=== Input material ===
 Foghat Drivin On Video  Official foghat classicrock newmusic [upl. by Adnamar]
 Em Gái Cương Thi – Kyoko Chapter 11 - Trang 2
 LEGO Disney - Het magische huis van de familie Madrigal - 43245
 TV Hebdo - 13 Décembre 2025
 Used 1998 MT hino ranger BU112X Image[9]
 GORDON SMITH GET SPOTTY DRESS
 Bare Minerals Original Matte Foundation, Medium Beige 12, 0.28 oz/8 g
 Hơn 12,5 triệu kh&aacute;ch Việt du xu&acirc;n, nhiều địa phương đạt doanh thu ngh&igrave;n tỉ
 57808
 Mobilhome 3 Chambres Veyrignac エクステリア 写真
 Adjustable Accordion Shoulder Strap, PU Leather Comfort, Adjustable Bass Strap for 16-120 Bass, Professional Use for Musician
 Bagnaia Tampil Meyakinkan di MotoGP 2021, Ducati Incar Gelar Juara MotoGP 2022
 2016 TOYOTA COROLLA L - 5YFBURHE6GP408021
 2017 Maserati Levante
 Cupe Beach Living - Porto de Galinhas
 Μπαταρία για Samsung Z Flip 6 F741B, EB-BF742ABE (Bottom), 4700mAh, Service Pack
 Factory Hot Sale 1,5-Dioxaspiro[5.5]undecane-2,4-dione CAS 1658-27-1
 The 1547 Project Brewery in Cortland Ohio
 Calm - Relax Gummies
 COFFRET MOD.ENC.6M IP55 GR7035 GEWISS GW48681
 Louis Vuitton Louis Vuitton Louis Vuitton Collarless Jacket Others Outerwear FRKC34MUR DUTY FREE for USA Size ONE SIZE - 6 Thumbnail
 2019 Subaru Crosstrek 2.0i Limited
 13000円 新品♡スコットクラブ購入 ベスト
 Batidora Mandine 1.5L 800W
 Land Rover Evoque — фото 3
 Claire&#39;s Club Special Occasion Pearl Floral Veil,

=== Problem to work on ===
All of the material needs to be reproduced exactly as it reads.

=== Response to this exercise ===
 Foghat Drivin On Video  Official foghat classicrock newmusic [upl. by Adnamar]
 Em Gái Cương Thi – Kyoko Chapter 11 - Trang 2
 LEGO Disney - Het magische huis van de familie Madrigal - 43245
 TV Hebdo - 13 Décembre 2025
 Used 1998 MT hino ranger BU112X Image[9]
 GORDON SMITH GET SPOTTY DRESS
 Bare Minerals Original Matte Foundation, Medium Beige 12, 0.28 oz/8 g
 Hơn 12,5 triệu kh&aacute;ch Việt du xu&acirc;n, nhiều địa phương đạt doanh thu ngh&igrave;n tỉ
 57808
 Mobilhome 3 Chambres Veyrignac エクステリア 写真
 Adjustable Accordion Shoulder Strap, PU Leather Comfort, Adjustable Bass Strap for 16-120 Bass, Professional Use for Musician
 Bagnaia Tampil Meyakinkan di MotoGP 2021, Ducati Incar Gelar Juara MotoGP 2022
 2016 TOYOTA COROLLA L - 5YFBURHE6GP408021
 2017 Maserati Levante
 Cupe Beach Living - Porto de Galinhas
 Μπαταρία για Samsung Z Flip 6 F741B, EB-BF742ABE (Bottom), 4700mAh, Service Pack
 Factory Hot Sale 1,5-Dioxaspiro[5.5]undecane-2,4-dione CAS 1658-27-1
 The 1547 Project Brewery in Cortland Ohio
 Calm - Relax Gummies
 COFFRET MOD.ENC.6M IP55 GR7035 GEWISS GW48681
 Louis Vuitton Louis Vuitton Louis Vuitton Collarless Jacket Others Outerwear FRKC34MUR DUTY FREE for USA Size ONE SIZE - 6 Thumbnail
 2019 Subaru Crosstrek 2.0i Limited
 13000円 新品♡スコットクラブ購入 ベスト
 Batidora Mandine 1.5L 800W
 Land Rover Evoque — фото 3
 Claire&#39;s Club Special Occasion Pearl Floral Veil,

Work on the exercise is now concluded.